# Honda EU3000i Generator Engine



## RKDOC (Jun 20, 2006)

Generator numbers EU3000is - EXGF - 1104137. Customer said generator was running and just quit, they could not restart it. I can get the generator started with the choke on. Doesn't run good, and will only run for about 15 seconds. Engine will die if choke is taken off. Pulled carb and main jet was corroded in so bad I could not remove it. Got a new carb. Engine does the same thing. Has fresh gas in tank.

With carb off I checked fuel flow, it was good. Installed new spark plug. Did a leak down test, showed no leakage. Did compression test, 35lbs????. Pulled valve cover off and checked valve movement and clearance, all good.

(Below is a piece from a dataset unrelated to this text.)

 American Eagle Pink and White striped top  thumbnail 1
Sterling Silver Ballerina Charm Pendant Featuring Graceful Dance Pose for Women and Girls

Anyone familiar with this engine that can give me an Idea of what to check next? I can still get engine to run for a few seconds with the choke on. I am concerned about the low compression, even with the ACR. Thanks for any help you can give me.


----------



## 30yearTech (Sep 14, 2006)

35 lbs seems awfully low, the leak down test revealed no leakage?

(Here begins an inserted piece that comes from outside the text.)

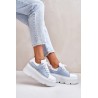 Leather Sneakers On Massive Platform Denim White Lewski 3586 - 3586 BIAŁ LICO/J.JEANS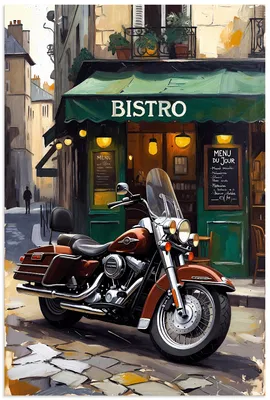 Produktbild von ARTland Wandbild Alu für Innen & Outdoor Eine parkende Harley vor einem Bistro Größe: 20x30 cm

Try a little oil in the cylinder and see if it will run a little longer.


----------



## RKDOC (Jun 20, 2006)

Thanks for the reply 30 Year. The leak test showed no Leak down. I tried it with oil in the cylinder, it made no difference. I'm at a a loss. Thanks for your help.


----------



## RKDOC (Jun 20, 2006)

I went back and checked the compression with the oil in the cylinder. It raised the compression to 45 lbs. However it made no difference in the way it ran. Thanks for the help.


----------



## 30yearTech (Sep 14, 2006)

When compression is very low, sometimes you can mistake the running issue for a carburetor problem. Very low compression and the engine just does not have enough power to spin the load and will try to start, but can't built any rpm's before it dies. If the problem is with the cylinder or piston, many times oil will seal it good enough for the engine to start and run until it burns off all the oil. Otherwise I would suspect a problem with the valves, in this case it could be the camshaft, perhaps the valves are not opening far or long enough.


----------



## RKDOC (Jun 20, 2006)

Customer does not want to go into the engine. So I guess I will never know for sure what the problem was. I was hoping the customer would leave the generator with me to throw away (I would have torn engine down to see)

Thanks for the help.


----------